Freud explains at length how repression of desire (sexual, sensual or otherwise) is fundamental to how human behaviour transpires. He termed the superego as the individualization of repression and in consequence a key determinant of character development. Freud’s key insight is how the processes specific to the individual is not exclusive from larger socio-political phenomena. Thus, though the superego was partially based on “the child’s internalization of the father’s superego, the resulting character structure did not always fit hand in glove with the economy”. (Langman, 1991, p. 169) In reality, individual character could be more resistant to modification than established socio-economic structures. It is not an exaggeration to claim that the individual is the basic unit for the construction of culture. This is especially evident in capitalist cultures. But as the character structure was “shaped not only by contemporary experiences but the legacies of earlier generations, more archaic legacies endured sub rosa and could sustain particular values and beliefs despite social change.” (Langman, 1991, p. 169) Hence Freudian Theory has contributed to exposing the interdependence of social formation and individual identity formation.
Further, Freud was one of the first to introduce the idea of the unstable subject, profoundly and uncertainly divided between the conscious and unconscious. This separation comes transpires due to the movement of the individual from being into meaning,
“whereby the raw material of human subjectivity (the infant) encounters the laws of culture and the demand to take up a position within the symbolic structures of that culture (meaning). This means giving up original anarchic and asocial drives and desires in favour of those acceptable to the social order. In doing so, the individual is required to repress those drives and desires into the space that at that moment opens up for them, that of the unconscious. Thus, the movement from being into meaning inevitably involves the founding principle of loss.” (Easthope & Mcgowan, 2004, p. 73)

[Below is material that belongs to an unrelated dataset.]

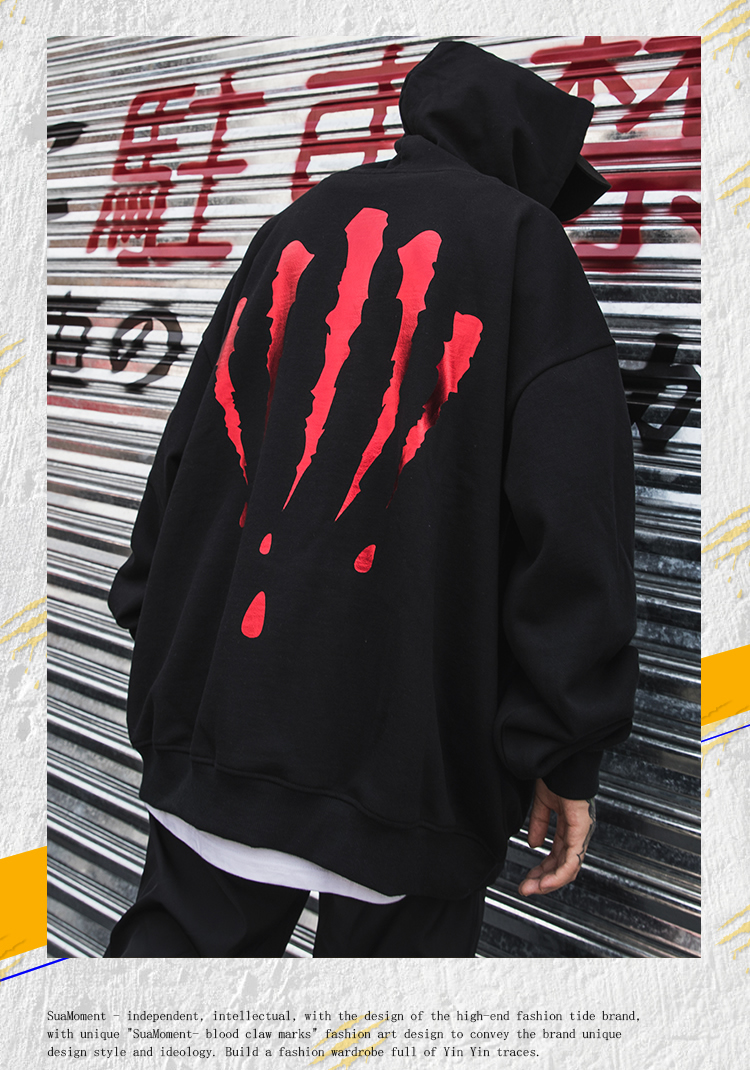 suamoment 三代血爪抓痕烫金连帽帽衫嘻哈宽松潮牌情侣卫衣男女同款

The function of language is important to understanding the psychological and social formation of the self. Both Lacan and Freud have formulated their ideas on the subject. Lacan, who belonged to a later generation of psychologists than Freud, was of the view that all experiential and existential phenomena discussed in Freudian Theory could be studied in linguistic terms. This is a radical idea that attempts to understand complex cognitive processes in quasi-mathematical terms. The act of internal or external speech “involves intricate, imaginary projections and cross-identifications in which otherness opens up the privileged site of the unconscious.” (Przybylowicz, 1986, p. 5) Hence, a path is paved for understanding individual psychology via an analysis of “the narrative’s rhetorical structures which reveal displaced, repressed desire.” (Przybylowicz, 1986, p. 5) Freud found it problematic in applying his theories and techniques in the study of art and literature. To see the process of literary creation in terms of ‘wish fulfilment’ (which is the basis for human motivation and thought) is neither intuitive nor conventional. Freudian Theory reckons that what manifests as fantasy is actually the unfettered energy of the unconscious.